** DATA TO USE follows **

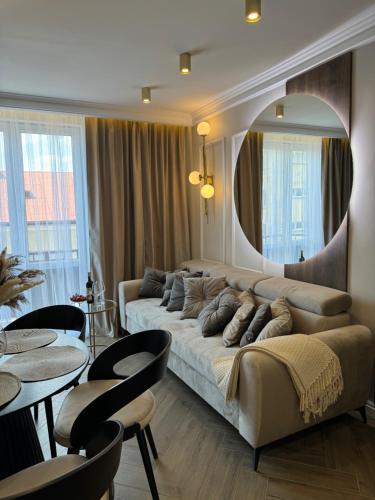 Khu vực ghế ngồi tại Family & Business Sauna Apartments No7 Złota Centrum VIP Unikat SPA - 3 Bedroom with Private Sauna, Jacuzzi, Balcony, Parking -Piękny Apartament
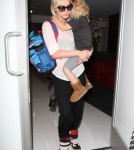Singer Ashlee Simpson arrived at the LAX Airport in Los Angeles, California on August 29, 2012 with her son Bronx Wentz in her arms to catch a flight out of town.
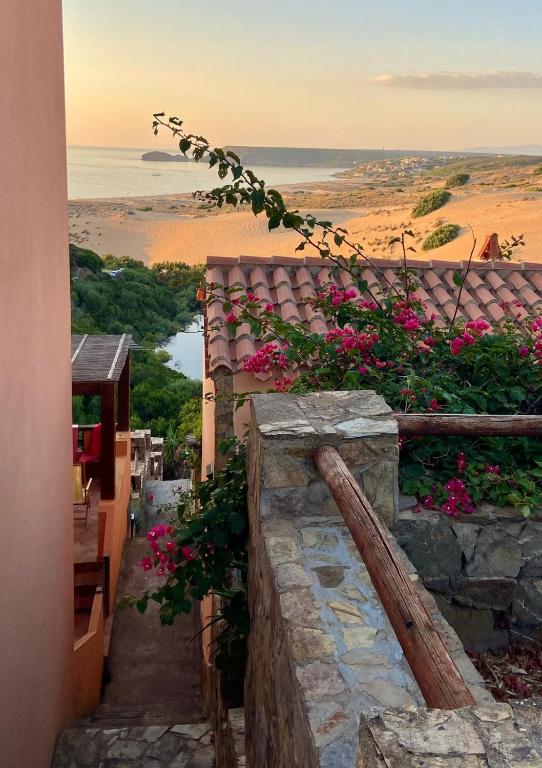 a stone stairway with pink flowers on a building at Casa Vacanza Suite Violet in Torre Dei Corsari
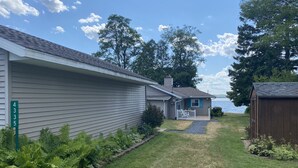 A residential property with a house number 4355, a covered porch, and a view of the lake. - All-Season Waterfront Home on SE Hubbard Lake! (Spruce)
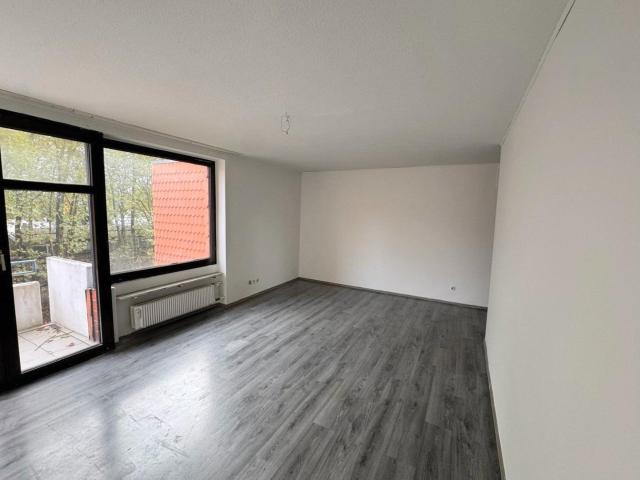 Renovierte Wohnung mit Balkon, Garten und Tiefgarage direkt am Schlosspark Strünkede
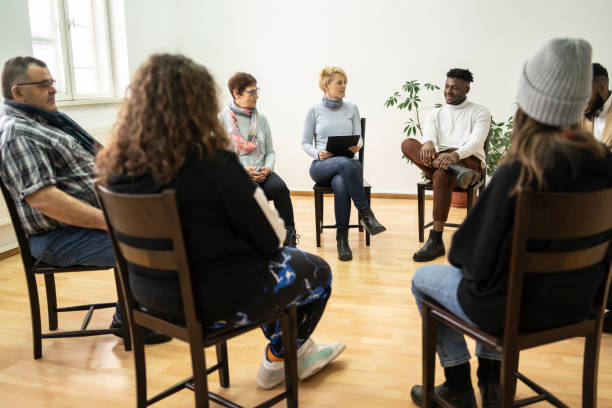 Group therapy support meeting talking about their mental health Group therapy support meeting talking about their mental health in a modern mental health facility career counseling stock pictures, royalty-free photos & images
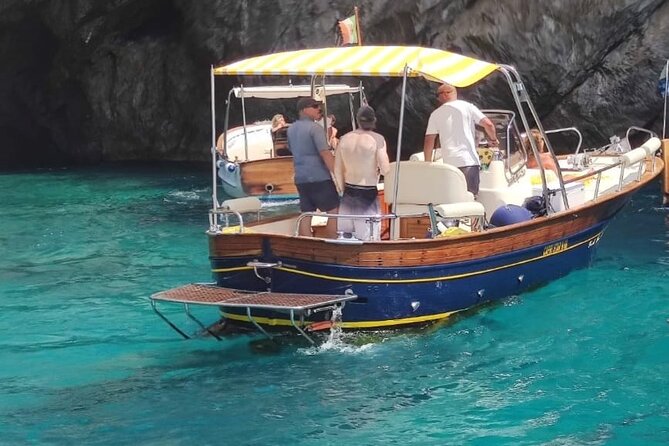 Private boat tour Capri Full day - Time on Capri, lunch, and a break from the water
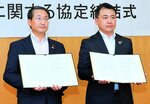 水害時における損害調査結果の提供・利用に関する協定書に署名した坪井山陰支店長（右）と平井知事＝９日、鳥取県庁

** End of DATA TO USE **

** WHAT TO DO **
Print the lines from the line containing "Renovierte Wohnung mit" through the last line of the listing, exactly as they stand, and leave any pictures out.

** REPLY **
 Renovierte Wohnung mit Balkon, Garten und Tiefgarage direkt am Schlosspark Strünkede
 Group therapy support meeting talking about their mental health Group therapy support meeting talking about their mental health in a modern mental health facility career counseling stock pictures, royalty-free photos & images
 Private boat tour Capri Full day - Time on Capri, lunch, and a break from the water
 水害時における損害調査結果の提供・利用に関する協定書に署名した坪井山陰支店長（右）と平井知事＝９日、鳥取県庁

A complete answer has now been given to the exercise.